An innovative project leading the way in chemical free cleaning for dairy farms has won nearly £200,000 in innovation funding, as part of Department for Environment, Food and Rural Affairs (Defra) and Innovate UK’s Farming Innovation Programme: TFP Follow-on Funding.
Though chemical treatments exist, they are expensive for dairy farmers and not a sustainable solution for the future of the planet. Oxi-Tech’s Pulse OxidationTM Dairy (POD) is a unique, patented system that creates charged Oxygen within water by using water and small amounts of electricity to create Ozone in-situ. This chemical-free cleaning solution offers many benefits to dairy farmers without the drawbacks of residual chemicals. Pulse Oxidation energises cold water to create a clean but powerful disinfectant that includes a range of activated oxygen molecules which are globally recognised as powerful microbial biocides, killing bacteria, viruses, fungi and protozoa.
“We have harnessed the most effective industrial biocide on the planet using just water and low voltage electricity in a process called Pulse Oxidation,” explains Oxi-Tech’s Paul Morris. “Compared with an automated milking system’s existing cleaning system requiring energy to heat the cleaning water, this unique technology uses approximately 50 times less energy, equating to running just one laptop and four low energy light bulbs. We consider typical return on POD investment to be three years based on two milking robots.”

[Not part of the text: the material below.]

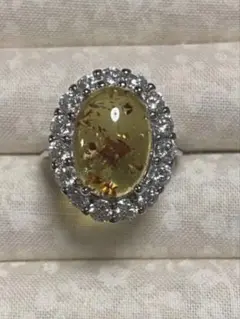 天然花アンバー　琥珀　大粒リング　サイズフリー　真鍮シルバー♡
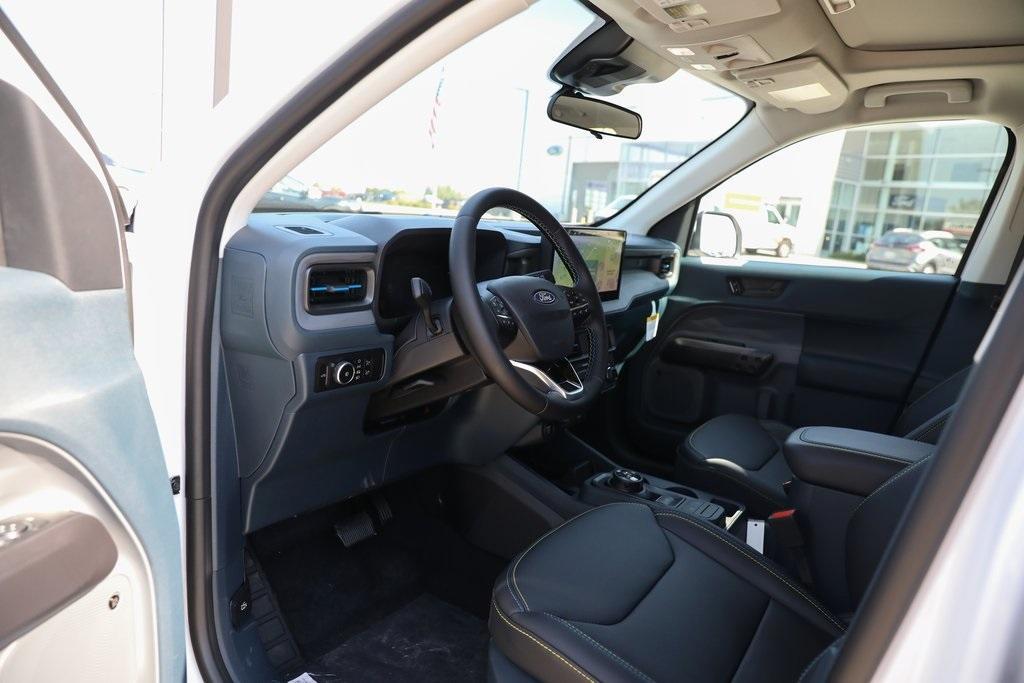 new 2025 Ford Maverick car, priced at $39,977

With milking robots as an obvious first opportunity to target, an Oxi-Tech system will be fitted to one of the Lely milking robots at the UK Agri-Tech Centre’s South West Dairy Development Centre. Through a combination of Lely Horizon milk quality data (per cow and per robot), plus a Somatic Cell Count (SCC) sensor in the milk-line from the robot, the data will clearly elaborate milk quality per cow and per robot.
Mike Jones from the UK Agri-Tech Centre said:
“Oxi-Tech have developed a system that eliminates the use of chemicals to clean milking robots’ internal network of pipes and tubes. To do this without the need for chemicals is a game changer for robotic milking, with the added bonus of less energy usage”.
Paul Morris, CEO at Oxi-Tech, said:
“Oxi-Tech has been proud to work with the fantastic team at the UK Agri-Tech Centre, and the wider group of respected industry experts working with us on this project. If successful, the implications of removing chemicals from disinfecting water are profound. The technology could change not just dairy farming, but other forms of agriculture, and could help reduce the carbon footprint across the food industry as a whole”.